I have had the same version of CWM on my charge for a bit now (4.0.1.4)
(only reason I haven't updated was because up until now I haven't really had any issues)

I recently flashed the newest infinity rom with no issues, wiping the caches/formatting, etc...
the rom runs incredibly well with all the tweaks/supercharger, etc., however when I tried installing the battery skinpack from the same page as infinity (and reboot), my contacts + SD installed applications aren't recognized...going to the market requires me to sign back in which of course starts the automatic download of apps

I thought maybe it was an issue with the .zip before, and I've redownloaded and reattempted, but with no luck

when I get to this point, I haven't foung any solution to the problem- leaving me with my only option, wiping and reflashing (at which point the problem fixes)

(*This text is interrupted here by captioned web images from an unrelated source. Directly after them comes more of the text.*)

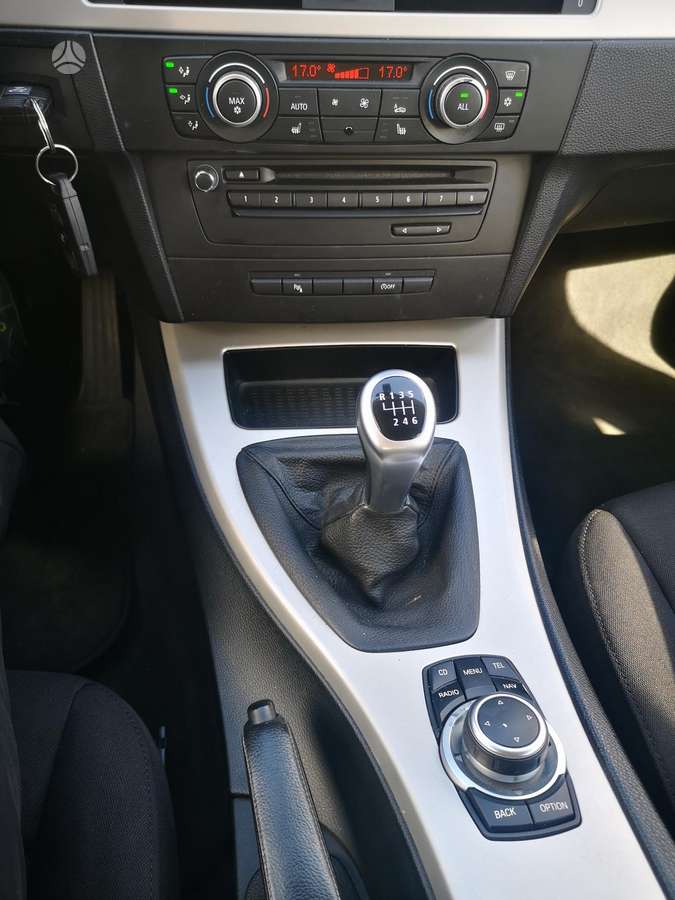 BMW 318, 2.0 l., universalas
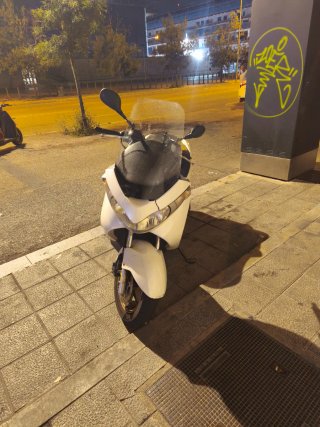 Suzuki Burgman UH125 Maxi Scooter Blanca
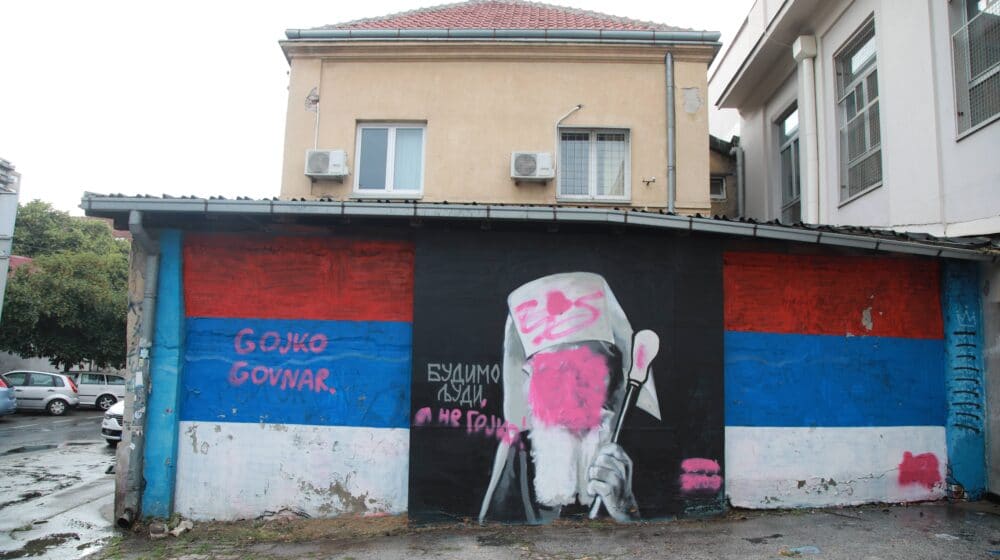 Prefarban mural s likom patrijarha Pavla u Beogradu 1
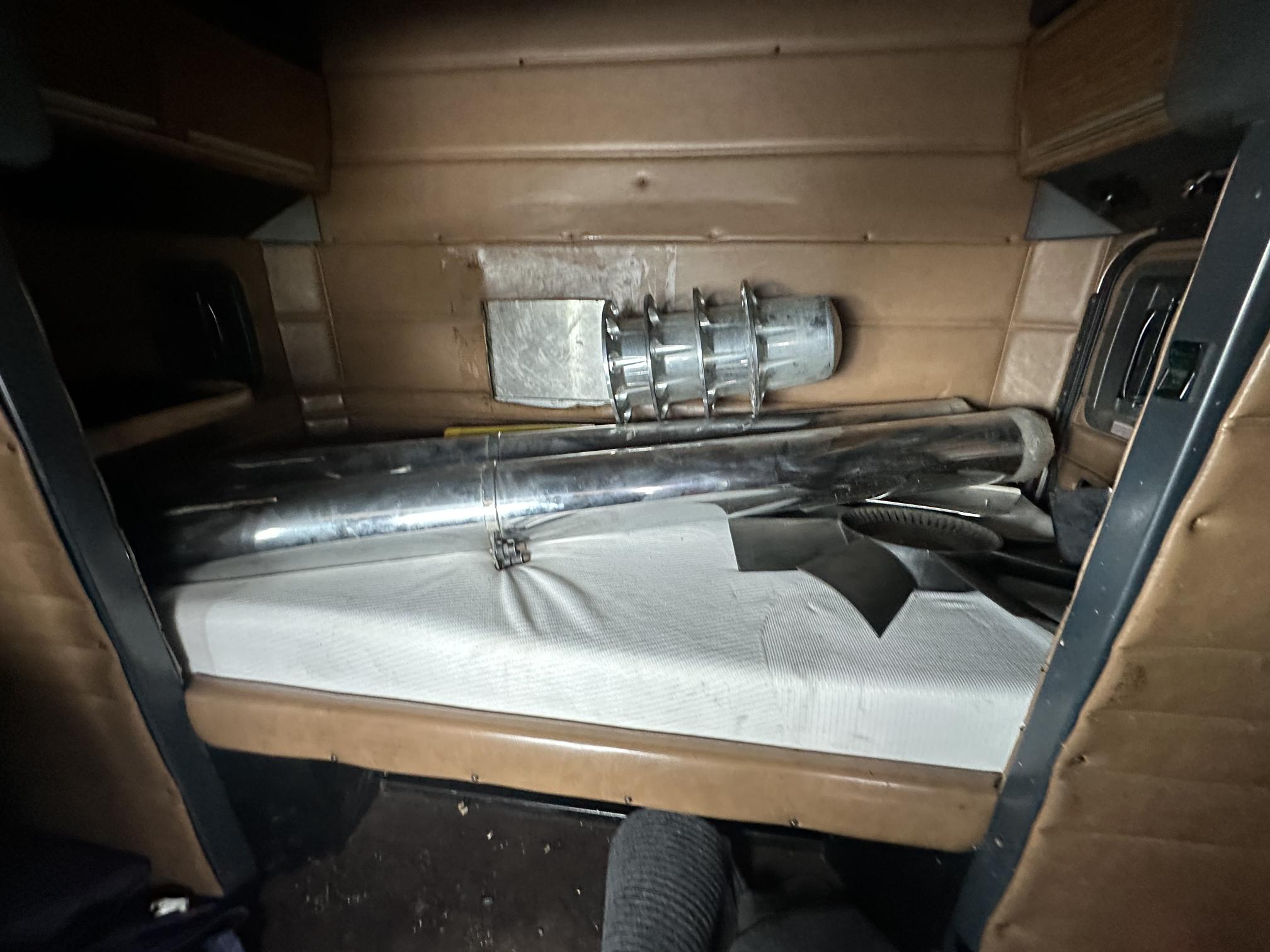 1998 PETERBILT 379 - Image 11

I've tried wiping caches, fixing permissions, etc. and nothing has fixed it

after reinstalling and avoiding flashing the battery skin, I tried wiping battery stats this morning and got the same issue...so what I initially thought was an issue with this particular rom seems now to be some sort of issue with CWM or it's interaction with the rom..

any ideas?


----------



## dwitherell (Jul 23, 2011)

This sounds like its related to the data wipe issue that is discussed in the infinity threads. When using CWM 4.0.1.4 and the kernel packaged with infinity, when re-entering CWM /data seems to get wiped upon exit (don't quote me on that exact scenario, but it should be close). Users have reported this issue no longer being one when using the new (5.0.2.7 I think) CWM, or when using imoseyens kernel.


----------



## cb894121 (Sep 12, 2011)

fantastic, thanks

right before I read this I saw something like that under the CWM thread so I updated it and reinstalled....i've since then been in cwm and wiped battery stats...so far, no wipe







thanks again


----------